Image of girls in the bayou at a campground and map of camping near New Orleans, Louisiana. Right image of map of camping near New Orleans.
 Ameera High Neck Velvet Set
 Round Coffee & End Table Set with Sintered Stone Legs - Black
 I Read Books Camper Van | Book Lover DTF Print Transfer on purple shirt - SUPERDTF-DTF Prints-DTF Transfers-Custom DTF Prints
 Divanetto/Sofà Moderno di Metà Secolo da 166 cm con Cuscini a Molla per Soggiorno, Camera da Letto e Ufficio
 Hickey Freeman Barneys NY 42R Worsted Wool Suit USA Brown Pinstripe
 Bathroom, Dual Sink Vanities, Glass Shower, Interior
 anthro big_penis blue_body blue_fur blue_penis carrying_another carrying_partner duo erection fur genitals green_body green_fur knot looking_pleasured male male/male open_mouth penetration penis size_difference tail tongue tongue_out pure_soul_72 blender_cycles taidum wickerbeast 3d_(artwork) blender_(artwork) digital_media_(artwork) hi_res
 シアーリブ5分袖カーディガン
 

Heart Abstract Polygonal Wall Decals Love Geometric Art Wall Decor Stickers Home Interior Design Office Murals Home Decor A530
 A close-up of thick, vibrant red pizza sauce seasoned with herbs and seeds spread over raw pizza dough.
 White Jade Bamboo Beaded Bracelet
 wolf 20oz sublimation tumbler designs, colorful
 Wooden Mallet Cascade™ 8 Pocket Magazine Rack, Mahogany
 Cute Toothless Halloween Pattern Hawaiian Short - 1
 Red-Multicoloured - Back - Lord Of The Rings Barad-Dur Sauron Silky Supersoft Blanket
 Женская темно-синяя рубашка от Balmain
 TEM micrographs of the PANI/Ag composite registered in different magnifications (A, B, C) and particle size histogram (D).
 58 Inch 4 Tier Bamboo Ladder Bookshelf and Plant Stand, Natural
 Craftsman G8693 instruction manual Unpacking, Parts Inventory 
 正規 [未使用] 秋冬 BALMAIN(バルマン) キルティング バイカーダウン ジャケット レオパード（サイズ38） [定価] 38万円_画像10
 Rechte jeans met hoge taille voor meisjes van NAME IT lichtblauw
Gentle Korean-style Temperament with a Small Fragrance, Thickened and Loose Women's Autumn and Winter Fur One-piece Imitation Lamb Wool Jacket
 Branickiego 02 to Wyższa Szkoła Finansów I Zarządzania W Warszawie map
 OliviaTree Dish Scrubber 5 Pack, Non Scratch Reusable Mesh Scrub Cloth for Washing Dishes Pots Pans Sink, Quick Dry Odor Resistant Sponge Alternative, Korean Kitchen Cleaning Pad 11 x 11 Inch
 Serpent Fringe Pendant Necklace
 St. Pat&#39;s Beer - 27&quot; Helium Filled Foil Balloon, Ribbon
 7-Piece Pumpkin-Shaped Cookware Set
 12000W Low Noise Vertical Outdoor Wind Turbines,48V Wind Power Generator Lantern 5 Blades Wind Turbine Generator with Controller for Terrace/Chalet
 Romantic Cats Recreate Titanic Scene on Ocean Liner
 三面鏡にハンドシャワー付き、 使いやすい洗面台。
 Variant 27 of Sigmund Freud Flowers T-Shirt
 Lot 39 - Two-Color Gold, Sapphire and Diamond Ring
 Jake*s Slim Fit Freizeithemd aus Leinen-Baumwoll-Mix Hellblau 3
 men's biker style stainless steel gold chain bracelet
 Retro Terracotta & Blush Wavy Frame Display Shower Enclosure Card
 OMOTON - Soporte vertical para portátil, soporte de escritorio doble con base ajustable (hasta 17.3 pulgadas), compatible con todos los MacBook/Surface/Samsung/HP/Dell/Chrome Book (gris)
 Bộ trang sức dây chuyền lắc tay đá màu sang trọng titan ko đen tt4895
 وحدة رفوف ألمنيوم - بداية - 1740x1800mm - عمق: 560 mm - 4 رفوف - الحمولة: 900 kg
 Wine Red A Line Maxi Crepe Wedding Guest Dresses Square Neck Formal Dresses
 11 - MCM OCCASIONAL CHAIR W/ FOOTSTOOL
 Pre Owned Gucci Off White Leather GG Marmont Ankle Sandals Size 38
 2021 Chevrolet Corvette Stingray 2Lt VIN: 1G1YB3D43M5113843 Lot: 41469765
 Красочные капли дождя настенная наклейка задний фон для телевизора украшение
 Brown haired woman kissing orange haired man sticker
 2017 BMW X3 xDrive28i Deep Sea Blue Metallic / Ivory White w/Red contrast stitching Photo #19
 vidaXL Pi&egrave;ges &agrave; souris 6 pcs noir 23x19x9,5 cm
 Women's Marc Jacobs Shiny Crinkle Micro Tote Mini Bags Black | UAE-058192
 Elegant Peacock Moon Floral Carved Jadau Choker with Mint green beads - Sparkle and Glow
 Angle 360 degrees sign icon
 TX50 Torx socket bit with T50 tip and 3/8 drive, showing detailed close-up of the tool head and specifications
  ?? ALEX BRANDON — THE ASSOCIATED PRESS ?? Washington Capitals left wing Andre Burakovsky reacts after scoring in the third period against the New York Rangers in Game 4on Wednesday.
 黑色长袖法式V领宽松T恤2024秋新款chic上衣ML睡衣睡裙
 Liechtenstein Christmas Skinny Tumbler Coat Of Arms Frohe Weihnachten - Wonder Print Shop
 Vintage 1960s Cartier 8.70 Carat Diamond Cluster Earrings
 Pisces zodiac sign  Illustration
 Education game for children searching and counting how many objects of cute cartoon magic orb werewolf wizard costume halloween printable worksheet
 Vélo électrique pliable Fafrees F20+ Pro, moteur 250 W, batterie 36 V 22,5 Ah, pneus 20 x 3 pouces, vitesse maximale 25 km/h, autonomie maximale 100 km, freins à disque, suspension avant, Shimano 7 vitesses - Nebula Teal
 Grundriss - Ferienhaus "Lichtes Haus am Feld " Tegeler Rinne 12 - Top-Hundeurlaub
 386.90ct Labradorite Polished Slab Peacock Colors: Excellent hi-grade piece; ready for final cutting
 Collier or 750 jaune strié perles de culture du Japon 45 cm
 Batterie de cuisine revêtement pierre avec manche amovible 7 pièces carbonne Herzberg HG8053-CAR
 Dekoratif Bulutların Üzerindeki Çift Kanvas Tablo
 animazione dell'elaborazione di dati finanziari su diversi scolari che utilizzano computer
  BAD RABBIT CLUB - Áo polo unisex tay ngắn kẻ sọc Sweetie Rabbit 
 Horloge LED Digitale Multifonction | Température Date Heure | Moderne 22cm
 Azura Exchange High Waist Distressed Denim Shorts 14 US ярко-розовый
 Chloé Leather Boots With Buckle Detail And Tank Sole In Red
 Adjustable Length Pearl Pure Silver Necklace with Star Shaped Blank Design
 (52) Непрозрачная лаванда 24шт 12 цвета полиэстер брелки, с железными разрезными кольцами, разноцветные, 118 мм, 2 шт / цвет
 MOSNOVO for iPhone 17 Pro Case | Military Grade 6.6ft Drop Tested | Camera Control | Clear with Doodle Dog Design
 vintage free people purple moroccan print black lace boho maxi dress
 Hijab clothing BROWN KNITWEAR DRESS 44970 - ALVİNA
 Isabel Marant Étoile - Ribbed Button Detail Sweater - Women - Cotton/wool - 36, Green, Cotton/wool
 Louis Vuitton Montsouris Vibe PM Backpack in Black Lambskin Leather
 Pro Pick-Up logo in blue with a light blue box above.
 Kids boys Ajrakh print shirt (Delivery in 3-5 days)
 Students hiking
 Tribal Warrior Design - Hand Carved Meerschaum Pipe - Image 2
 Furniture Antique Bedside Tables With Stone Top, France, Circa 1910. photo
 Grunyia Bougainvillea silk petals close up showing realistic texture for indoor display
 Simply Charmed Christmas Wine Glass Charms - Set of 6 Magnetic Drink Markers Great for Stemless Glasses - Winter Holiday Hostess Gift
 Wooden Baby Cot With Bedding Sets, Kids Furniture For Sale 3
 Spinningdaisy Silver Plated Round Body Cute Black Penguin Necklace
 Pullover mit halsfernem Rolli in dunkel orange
• • • • • • •
[Required action]
Starting with the line with "Branickiego 02 to" above and going on through the line with "men's biker style", transcribe every line exactly, both ends included, and add nothing.

[Solved exercise]
 Branickiego 02 to Wyższa Szkoła Finansów I Zarządzania W Warszawie map
 OliviaTree Dish Scrubber 5 Pack, Non Scratch Reusable Mesh Scrub Cloth for Washing Dishes Pots Pans Sink, Quick Dry Odor Resistant Sponge Alternative, Korean Kitchen Cleaning Pad 11 x 11 Inch
 Serpent Fringe Pendant Necklace
 St. Pat&#39;s Beer - 27&quot; Helium Filled Foil Balloon, Ribbon
 7-Piece Pumpkin-Shaped Cookware Set
 12000W Low Noise Vertical Outdoor Wind Turbines,48V Wind Power Generator Lantern 5 Blades Wind Turbine Generator with Controller for Terrace/Chalet
 Romantic Cats Recreate Titanic Scene on Ocean Liner
 三面鏡にハンドシャワー付き、 使いやすい洗面台。
 Variant 27 of Sigmund Freud Flowers T-Shirt
 Lot 39 - Two-Color Gold, Sapphire and Diamond Ring
 Jake*s Slim Fit Freizeithemd aus Leinen-Baumwoll-Mix Hellblau 3
 men's biker style stainless steel gold chain bracelet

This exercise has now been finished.